Task directions:
Write out the line that contains "Ein modern eingerichteter", then every following line to the end of the records below, with no other lines and no changes.

[Items from a data source]
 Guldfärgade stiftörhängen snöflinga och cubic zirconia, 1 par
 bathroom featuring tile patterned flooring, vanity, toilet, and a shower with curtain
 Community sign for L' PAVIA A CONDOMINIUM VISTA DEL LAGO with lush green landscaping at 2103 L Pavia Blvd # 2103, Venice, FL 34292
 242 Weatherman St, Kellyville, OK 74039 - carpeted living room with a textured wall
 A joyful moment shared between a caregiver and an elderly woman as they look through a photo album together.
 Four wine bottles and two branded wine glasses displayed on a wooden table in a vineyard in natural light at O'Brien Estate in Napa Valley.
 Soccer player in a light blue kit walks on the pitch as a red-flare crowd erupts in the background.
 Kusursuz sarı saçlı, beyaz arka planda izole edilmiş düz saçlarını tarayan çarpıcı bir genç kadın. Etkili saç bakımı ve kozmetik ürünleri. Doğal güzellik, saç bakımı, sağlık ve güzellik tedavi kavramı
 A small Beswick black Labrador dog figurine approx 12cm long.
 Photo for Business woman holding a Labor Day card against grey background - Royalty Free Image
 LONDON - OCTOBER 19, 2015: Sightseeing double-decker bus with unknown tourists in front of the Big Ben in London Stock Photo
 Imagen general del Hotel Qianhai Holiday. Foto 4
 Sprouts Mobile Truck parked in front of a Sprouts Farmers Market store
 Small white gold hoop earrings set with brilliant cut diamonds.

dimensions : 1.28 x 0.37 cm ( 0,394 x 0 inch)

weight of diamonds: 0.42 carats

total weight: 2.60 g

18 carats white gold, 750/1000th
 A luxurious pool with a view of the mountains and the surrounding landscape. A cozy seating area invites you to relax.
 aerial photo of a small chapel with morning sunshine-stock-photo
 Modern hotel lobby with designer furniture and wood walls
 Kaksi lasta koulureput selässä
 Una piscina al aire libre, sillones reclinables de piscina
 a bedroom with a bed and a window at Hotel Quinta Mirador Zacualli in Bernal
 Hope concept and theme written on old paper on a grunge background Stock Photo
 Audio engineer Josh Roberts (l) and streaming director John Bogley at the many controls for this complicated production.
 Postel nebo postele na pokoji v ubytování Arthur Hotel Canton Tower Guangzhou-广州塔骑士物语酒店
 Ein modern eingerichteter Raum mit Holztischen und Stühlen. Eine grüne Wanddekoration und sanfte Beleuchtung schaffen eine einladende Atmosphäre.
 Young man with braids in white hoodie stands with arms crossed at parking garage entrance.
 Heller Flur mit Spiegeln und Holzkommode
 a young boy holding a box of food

Problem solution:
 Ein modern eingerichteter Raum mit Holztischen und Stühlen. Eine grüne Wanddekoration und sanfte Beleuchtung schaffen eine einladende Atmosphäre.
 Young man with braids in white hoodie stands with arms crossed at parking garage entrance.
 Heller Flur mit Spiegeln und Holzkommode
 a young boy holding a box of food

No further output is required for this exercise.